# Can't find a roast date on my bag from Rave ....



## RagingMammoth (Sep 21, 2013)

Just ordered another kilo of IJ and it didn't come with a roast date on it?

Edit - it was on the bottom of the bag ......( mrboots2u )


----------



## froggystyle (Oct 30, 2013)

Look underneath?


----------



## Mrboots2u (May 10, 2013)

Why not email rave and ask them .

It will no doubt have been human error is my guess

Was this direct from rave or via amazon


----------



## 4085 (Nov 23, 2012)

It is normally on the underneath, a sticker.


----------



## Gangstarrrrr (Mar 4, 2013)

Thread title is potentially quite misleading!


----------



## Mrboots2u (May 10, 2013)

Gangstarrrrr said:


> Thread title is potentially quite misleading!


Agree......

OP hope you don't mind I've changed this

If you can update as to if you find it or get answer from Rave


----------



## RagingMammoth (Sep 21, 2013)

Mrboots2u said:


> Agree......
> 
> OP hope you don't mind I've changed this
> 
> If you can update as to if you find it or get answer from Rave


Oops, apologies for being misleading. I thought it just may have been a new thing from them considering they changed their packaging and site etc.


----------



## Mrboots2u (May 10, 2013)

Have you found a date ?


----------



## froggystyle (Oct 30, 2013)

Was it underneath?


----------



## RagingMammoth (Sep 21, 2013)

Mrboots2u said:


> Have you found a date ?


It might have been on the bottom of the bag...
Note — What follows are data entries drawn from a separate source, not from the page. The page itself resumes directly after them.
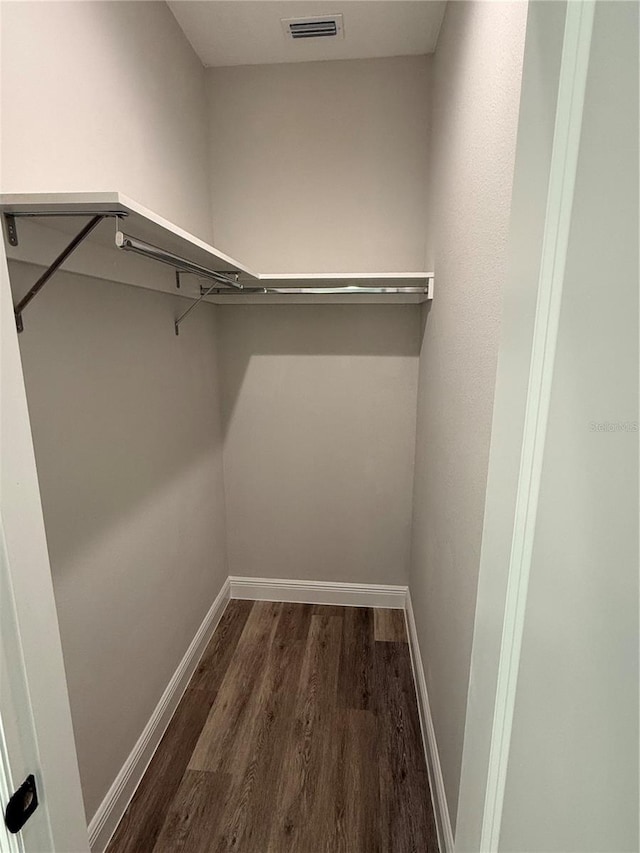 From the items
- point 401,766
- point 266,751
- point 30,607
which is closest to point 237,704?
point 266,751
They always used to put it on the back from memory, they must put it on the bottom now!


----------



## froggystyle (Oct 30, 2013)

Facepalm!!


----------



## jeebsy (May 5, 2013)

Mrboots2u said:


> Have you found a date ?


Are you asking?


----------



## m4lcs67 (Mar 16, 2014)

Similar thing happened to me a few weeks ago with some rave Signature and they had forgotten to put the the roast date sticker on, so a quick message to them and they checked my order and managed to get the roast date from that. Simples.


----------